BRANDON, MISS. (Legal Newsline) - The well-traveled vitamin antitrust suit filed by Mississippi Attorney General Jim Hood is back on track and scheduled for a hearing on a series of procedural motions at the Rankin County Circuit Court on Friday.
The case was brought in 2006 by Hood "on behalf of the State of Mississippi in its sovereign capacity for injuries the State has sustained as purchasers and in the State's capacity as panens patriae, for the adverse effect on Mississippi purchasers."

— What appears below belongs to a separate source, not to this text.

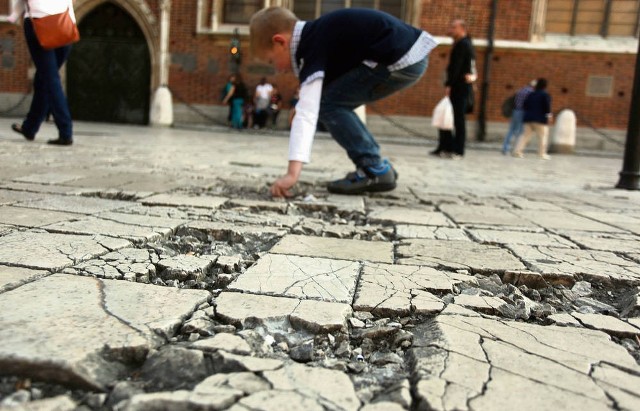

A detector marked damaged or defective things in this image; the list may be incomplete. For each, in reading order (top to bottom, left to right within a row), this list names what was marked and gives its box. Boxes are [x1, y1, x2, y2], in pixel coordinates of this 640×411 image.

It alleges that an "international cartel" of vitamin producers and distributors conducted "a massive and long-running international conspiracy among all defendants with the purpose and effect of fixing prices, allocating market share, and committing other unlawful practices designed to inflate the prices" of various vitamins and food supplements.
"The conspiracy existed at least during the period from 1990 to 1999, and affected billions of dollars of commerce in products," Hood alleges.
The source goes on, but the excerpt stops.